:: GIVEN DATA ::
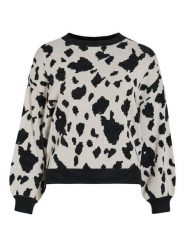 Vila Sweter "Tip" w kolorze szaro-czarnym rozmiar: XS. Czarne swetry klasyczne damskie Vila, xs, bez kołnierzyka. Za 113.99 zł.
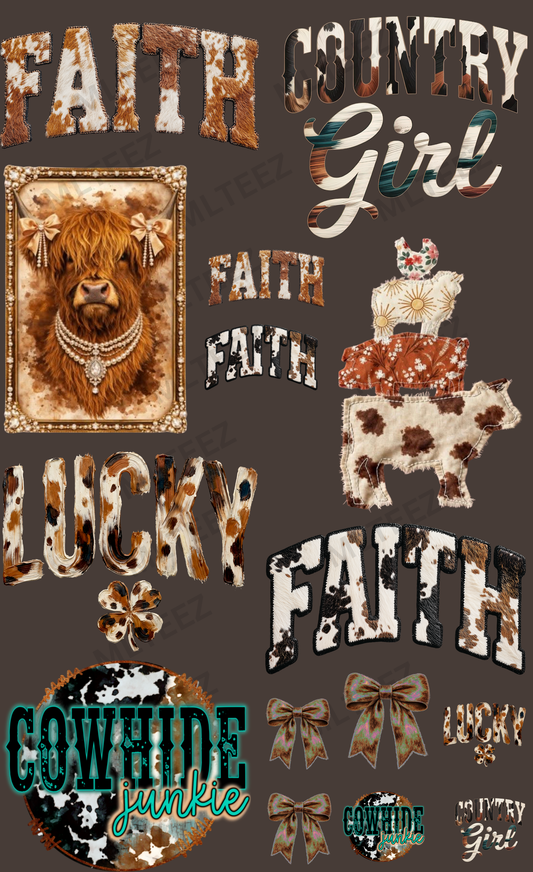 COWHIDE WESTERN (1) PREMADE GANGSHEET - 22X36 DTF TRANSFERS - DIRECT TO FILM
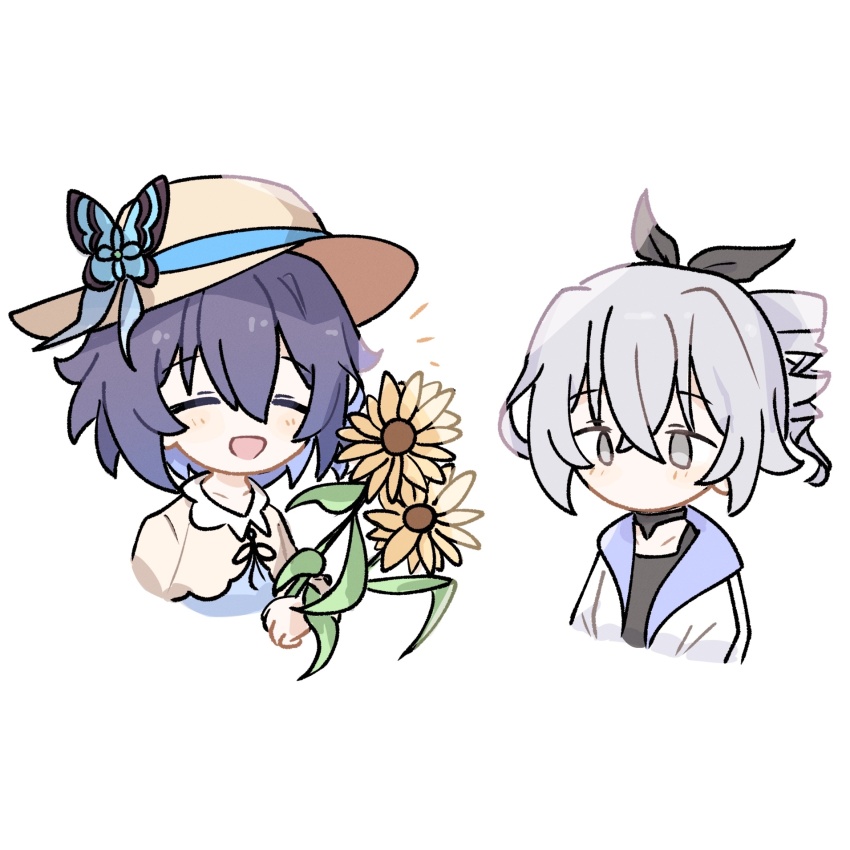 2girls, :d, ^_^, black_hair, black_ribbon, black_shirt, blue_dress, blue_hair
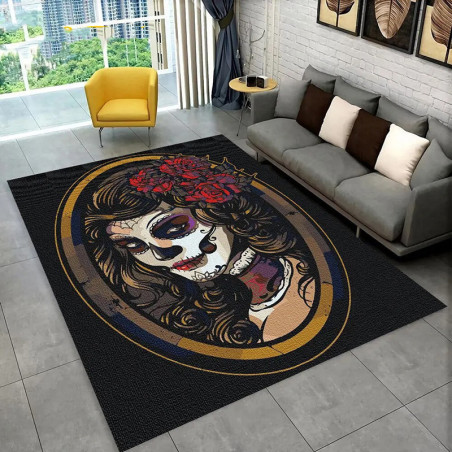 Tapis Tête de Mort "Portrait Maudit en Roses Sombres"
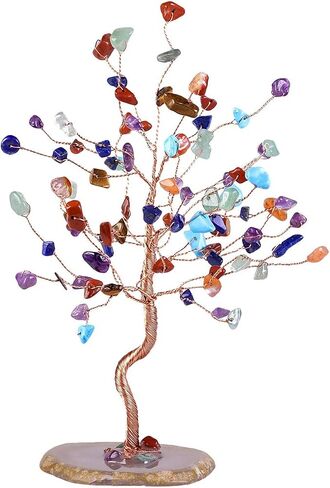 Rockcloud Amethyst Crystal Tree for Home Office Decor, Natural Agate Slice Geode Base Bonsai Fortune Money Tree for Wealth and Luck in Saudi Arabia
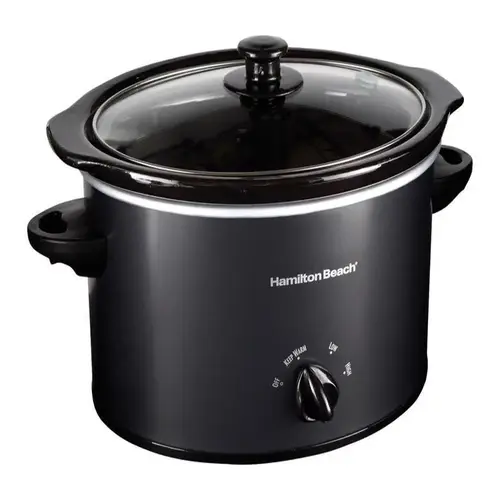 Slow Cooker 3 qt Black Stoneware Matte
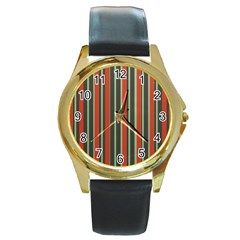 Festive Stripe Round Leather Watch (gold Rim) 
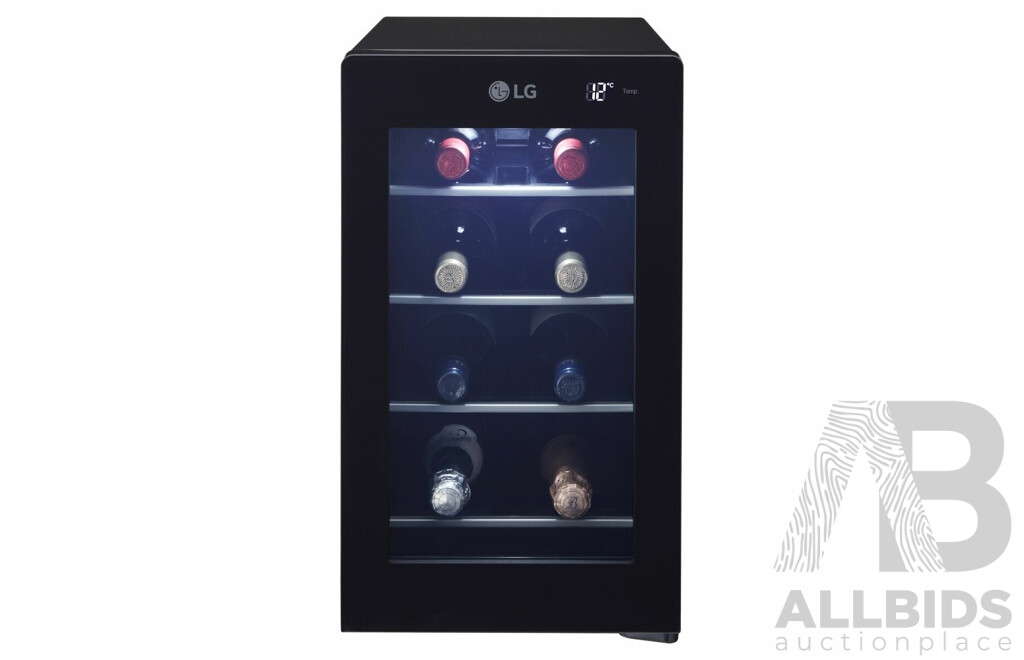 LG 8 Bottle Mini Wine Fridge Black (GWV08BT) - ORP $599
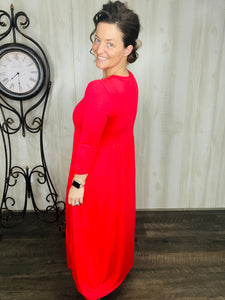 Tonya Marie Tiered Dress- Light Red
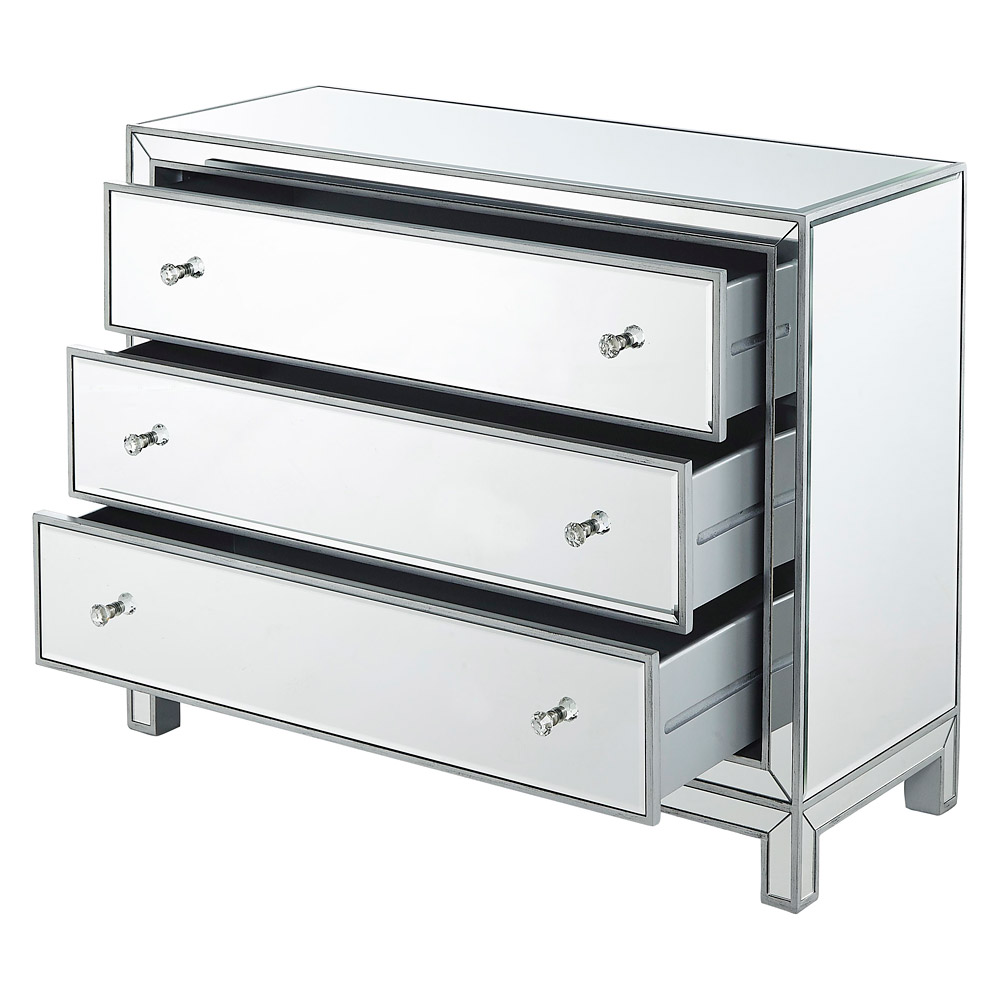 Elegant 3 Drawers 40" Chest - Silver (MF72019S)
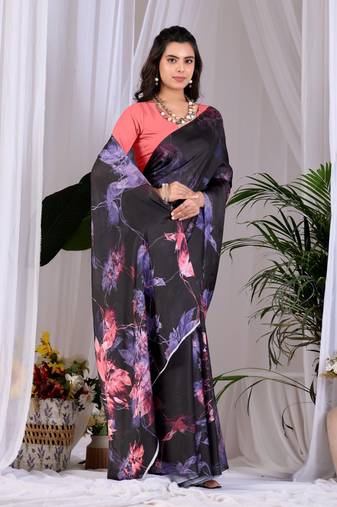 Elegant Black Floral Print Saree for Women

:: BRIEF ::
Apart from the pictures, return the records exactly.

:: EXERCISE RESPONSE ::
 Vila Sweter "Tip" w kolorze szaro-czarnym rozmiar: XS. Czarne swetry klasyczne damskie Vila, xs, bez kołnierzyka. Za 113.99 zł.
 COWHIDE WESTERN (1) PREMADE GANGSHEET - 22X36 DTF TRANSFERS - DIRECT TO FILM
 2girls, :d, ^_^, black_hair, black_ribbon, black_shirt, blue_dress, blue_hair
 Tapis Tête de Mort "Portrait Maudit en Roses Sombres"
 Rockcloud Amethyst Crystal Tree for Home Office Decor, Natural Agate Slice Geode Base Bonsai Fortune Money Tree for Wealth and Luck in Saudi Arabia
 Slow Cooker 3 qt Black Stoneware Matte
 Festive Stripe Round Leather Watch (gold Rim) 
 LG 8 Bottle Mini Wine Fridge Black (GWV08BT) - ORP $599
 Tonya Marie Tiered Dress- Light Red
 Elegant 3 Drawers 40" Chest - Silver (MF72019S)
 Elegant Black Floral Print Saree for Women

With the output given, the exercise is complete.